Since 2020, the entire Arnaud Bignon herd (Poitevine goats, ewes and cows) has been running on continuous lactation, which has been successful so far: “ In the first year, I was afraid that milking would not continue when winter came, but in fact no, when spring came, the grass grew again, the amount of milk increased. » As for the quality of the cheese’s taste, both Arnaud and Jean-Yves have received excellent feedback from their customers.
Researchers ignore continuous lactation
The testimonies of these two breeders are important, because no academic data has been produced on continuous milking. “ I searched the scientific research publication sites, I found nothing on lactations longer than eighteen months. Furthermore, during an internship at Inrae the researchers I met at the Rennes dairy unit [l’un des bassins laitiers les plus importants de France] unaware of this practice »said Manon Kister, a third-year student at AgroParisTech.
And add: “ At AgroParisTech, students are fed up high tech. For example, in animal husbandry lessons, we hear about milking robots without being led to question our relationship with animals and the indebtedness of breeders. »
- Manon Kister, third year student at AgroParisTech. © Inès Léraud / Reporterre
The lack of theoretical knowledge about continuous breastfeeding is problematic, he says: “ This prevents you from projecting yourself, as a breeder, into this exercise, from creating a business project. To get subsidies, you have to prove that the project is viable, but you don’t have any data to show. It also creates a feeling of worry. We wonder: “I can produce so much ? To win ? For how long ?” For my part, I would have liked to settle on dairy cows in continuous milking, but as this is the absolute vacuum of knowledge, I think rather to settle on goats, by relying particularly on the experience of Jean-Yves. »
Jean-Yves Ruelloux’s testimony, however, caught the attention of some vets. His breeding is now followed by Aziliz Klapper , which exercises in the north of Finistère, like that of Arnaud Bignon. If the continued breastfeeding in his eyes is a response to the suffering of animals and the waste of young animals in the dairy industry, he emphasizes that it is not the only one and there are examples where children remain in the field, not fed with powdered milk or raised under the mother .
He also believes that continuous breastfeeding is a victim of a priori, such as fatigue for mothers, or production of poor quality milk. But there’s no indication, according to the vet, that it’s less tiring for the animals to alternate between lactation, pregnancy and calving each year. ; and tests carried out by it indicate that the milk resulting from a lactation of five or ten years will be of as good quality as that produced by a short lactation.

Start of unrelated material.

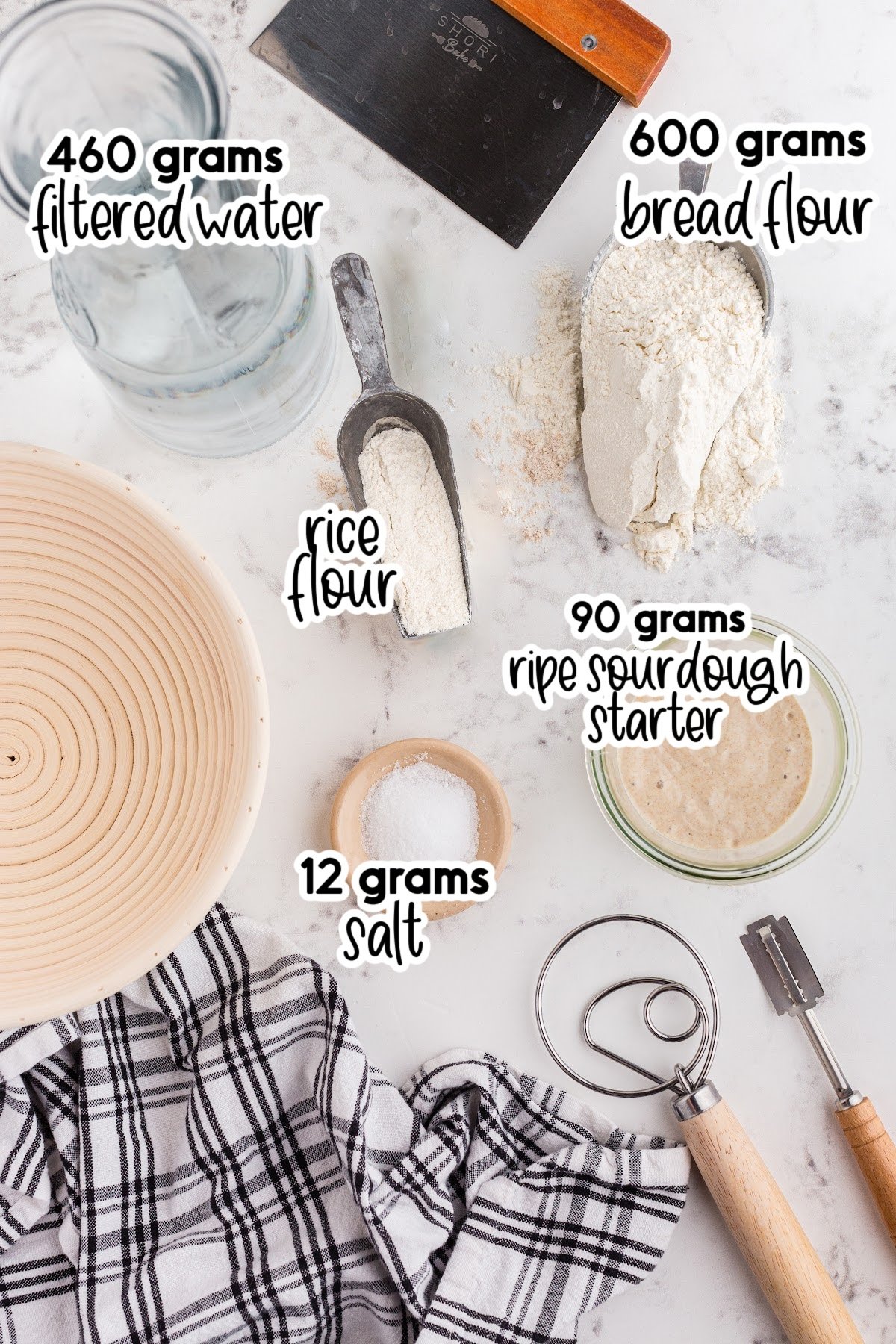 Individual ingredients and tools for making sourdough bread.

- Veterinarian Aziliz Klapper takes samples for coprological analysis. © Inès Léraud / Reporterre
For his part, Michel Bouy, who works as a veterinarian in the Drôme, supports several farms that are experimenting with continuous milking for a year. In this program called Lactodouce, he observed the natural production of milk in goats… that had not yet become pregnant. An observation shared in two years by Robert Episse, an Ardèche goatherd who decided to breastfeed in 2020 or by Jean-Yves Ruelloux who spoke, with humor, of“ clean milking ». The world of dairy farming low technology perhaps just at the beginning of its discoveries.